Standard abbreviations
- Bluebook: Mitchell Hamline L. Rev.
- ISO 4: Mitchell Hamline Law Rev.

Indexing
- ISSN: 0270-272X
- OCLC no.: 818988572

Links
- Journal homepage; Online access;

= Mitchell Hamline Law Review =

The Mitchell Hamline Law Review is a student-run law review published by students at the Mitchell Hamline School of Law in Saint Paul, Minnesota. The journal publishes five full issues each academic year. The journal's mission is to "provide a scholarly forum for the advancement of legal theory and practice by publishing articles of academic merit and practical importance to the local and national legal community." The law review is a product of 2015 Hamline University School of Law and William Mitchell College of Law merger.

== History ==
The Mitchell Hamline Law Review traces its origins to both the Hamline Law Review and William Mitchell Law Review. The Hamline Law Review released its first issue in 1978 and published over 700 articles throughout its thirty-five-year history. In 1972, a student-faculty committee at the William Mitchell College of Law started the first ever law review published at a school with a part-time evening program. Under the guidance of Professor Michael Steenson, the William Mitchell Law Review published its first issue in 1974.

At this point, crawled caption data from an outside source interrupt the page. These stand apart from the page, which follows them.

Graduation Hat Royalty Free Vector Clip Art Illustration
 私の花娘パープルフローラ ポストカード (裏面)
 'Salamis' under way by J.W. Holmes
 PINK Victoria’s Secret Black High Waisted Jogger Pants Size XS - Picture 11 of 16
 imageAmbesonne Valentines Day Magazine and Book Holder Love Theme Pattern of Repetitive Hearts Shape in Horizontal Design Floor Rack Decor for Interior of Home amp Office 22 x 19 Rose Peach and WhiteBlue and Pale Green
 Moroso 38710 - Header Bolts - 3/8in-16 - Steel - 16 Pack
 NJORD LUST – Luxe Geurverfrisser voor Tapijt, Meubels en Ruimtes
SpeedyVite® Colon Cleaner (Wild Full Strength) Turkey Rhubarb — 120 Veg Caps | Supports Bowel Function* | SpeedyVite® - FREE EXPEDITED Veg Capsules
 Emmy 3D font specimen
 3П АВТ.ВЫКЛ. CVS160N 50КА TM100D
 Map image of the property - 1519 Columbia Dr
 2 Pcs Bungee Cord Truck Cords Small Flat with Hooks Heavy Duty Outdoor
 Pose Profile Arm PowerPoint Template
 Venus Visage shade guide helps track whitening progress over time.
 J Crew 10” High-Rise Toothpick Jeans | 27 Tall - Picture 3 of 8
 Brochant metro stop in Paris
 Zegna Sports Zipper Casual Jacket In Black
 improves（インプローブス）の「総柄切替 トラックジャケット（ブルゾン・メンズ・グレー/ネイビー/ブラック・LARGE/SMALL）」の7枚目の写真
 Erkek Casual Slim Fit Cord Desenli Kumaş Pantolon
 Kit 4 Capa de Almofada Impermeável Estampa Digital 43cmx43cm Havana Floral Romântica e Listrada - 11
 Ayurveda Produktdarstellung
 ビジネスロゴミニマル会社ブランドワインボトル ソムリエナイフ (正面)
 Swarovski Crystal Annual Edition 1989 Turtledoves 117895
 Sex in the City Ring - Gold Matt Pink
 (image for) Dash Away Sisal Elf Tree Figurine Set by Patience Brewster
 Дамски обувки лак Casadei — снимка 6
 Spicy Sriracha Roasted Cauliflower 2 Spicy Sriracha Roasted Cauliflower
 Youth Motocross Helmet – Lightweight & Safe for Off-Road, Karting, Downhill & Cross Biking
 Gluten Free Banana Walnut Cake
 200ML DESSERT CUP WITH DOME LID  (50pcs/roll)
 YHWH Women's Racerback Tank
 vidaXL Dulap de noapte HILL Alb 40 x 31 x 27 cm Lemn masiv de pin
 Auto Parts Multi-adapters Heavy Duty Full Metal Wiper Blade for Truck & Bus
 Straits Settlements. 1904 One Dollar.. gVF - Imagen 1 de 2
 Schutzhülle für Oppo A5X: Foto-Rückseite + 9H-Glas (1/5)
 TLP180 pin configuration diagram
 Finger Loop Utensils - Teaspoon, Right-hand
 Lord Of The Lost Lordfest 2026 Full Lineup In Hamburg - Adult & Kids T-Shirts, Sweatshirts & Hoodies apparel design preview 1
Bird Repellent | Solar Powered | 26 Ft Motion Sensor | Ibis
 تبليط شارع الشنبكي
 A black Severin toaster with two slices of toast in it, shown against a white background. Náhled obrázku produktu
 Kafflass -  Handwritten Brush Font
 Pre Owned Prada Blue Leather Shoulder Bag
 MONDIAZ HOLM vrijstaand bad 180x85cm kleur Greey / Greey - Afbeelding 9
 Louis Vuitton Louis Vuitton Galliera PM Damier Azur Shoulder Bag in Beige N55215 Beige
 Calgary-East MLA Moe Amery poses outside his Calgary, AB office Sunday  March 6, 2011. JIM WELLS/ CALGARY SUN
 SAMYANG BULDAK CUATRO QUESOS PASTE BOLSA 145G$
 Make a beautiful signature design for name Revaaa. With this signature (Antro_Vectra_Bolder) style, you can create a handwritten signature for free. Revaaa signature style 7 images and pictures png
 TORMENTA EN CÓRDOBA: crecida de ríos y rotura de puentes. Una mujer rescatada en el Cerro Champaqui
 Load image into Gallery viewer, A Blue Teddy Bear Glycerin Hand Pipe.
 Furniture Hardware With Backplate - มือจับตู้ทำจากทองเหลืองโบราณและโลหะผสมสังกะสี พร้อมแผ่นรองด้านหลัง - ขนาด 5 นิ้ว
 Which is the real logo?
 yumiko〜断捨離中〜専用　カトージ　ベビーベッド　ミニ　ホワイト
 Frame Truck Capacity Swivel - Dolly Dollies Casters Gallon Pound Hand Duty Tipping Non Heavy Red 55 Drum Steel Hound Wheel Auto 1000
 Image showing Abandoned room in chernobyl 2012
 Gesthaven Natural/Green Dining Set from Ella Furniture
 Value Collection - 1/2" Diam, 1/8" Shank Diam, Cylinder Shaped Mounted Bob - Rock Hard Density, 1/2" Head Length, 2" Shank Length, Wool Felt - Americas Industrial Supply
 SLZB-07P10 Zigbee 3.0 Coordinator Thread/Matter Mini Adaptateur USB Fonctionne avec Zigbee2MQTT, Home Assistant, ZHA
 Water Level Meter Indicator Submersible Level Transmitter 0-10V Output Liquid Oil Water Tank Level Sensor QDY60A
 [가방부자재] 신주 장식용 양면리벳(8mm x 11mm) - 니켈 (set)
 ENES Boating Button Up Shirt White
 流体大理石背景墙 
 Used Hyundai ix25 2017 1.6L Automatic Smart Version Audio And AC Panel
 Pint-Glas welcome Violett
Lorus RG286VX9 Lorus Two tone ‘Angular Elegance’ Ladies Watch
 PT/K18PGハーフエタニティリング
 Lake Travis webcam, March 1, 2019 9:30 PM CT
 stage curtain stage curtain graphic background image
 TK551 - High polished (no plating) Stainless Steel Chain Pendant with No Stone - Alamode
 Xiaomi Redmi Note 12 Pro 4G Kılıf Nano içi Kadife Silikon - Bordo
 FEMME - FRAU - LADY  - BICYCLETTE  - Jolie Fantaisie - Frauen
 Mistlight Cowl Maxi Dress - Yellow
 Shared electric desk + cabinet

In 2016, the Hamline Law Review and William Mitchell Law Review merged into the combined Mitchell Hamline Law Review. Steenson has continues to serve as the faculty advisor for the joint law journal.

Each year the law review recognizes members of the legal community who have made outstanding contributions to the legal profession during its annual banquet. Past award winners have included David Lillehaug and John Choi.

== Notable Authors ==
Notable authors published by the Mitchell Hamline Law Review and its predecessors include Jimmy Carter, Donovan W. Frank, Anne McKeig, Ann D. Montgomery, and Larry Obhof.

== Admissions ==
The law review accepts new members through its annual write-on. Interested law students are asked to complete a Bluebook quiz and case note.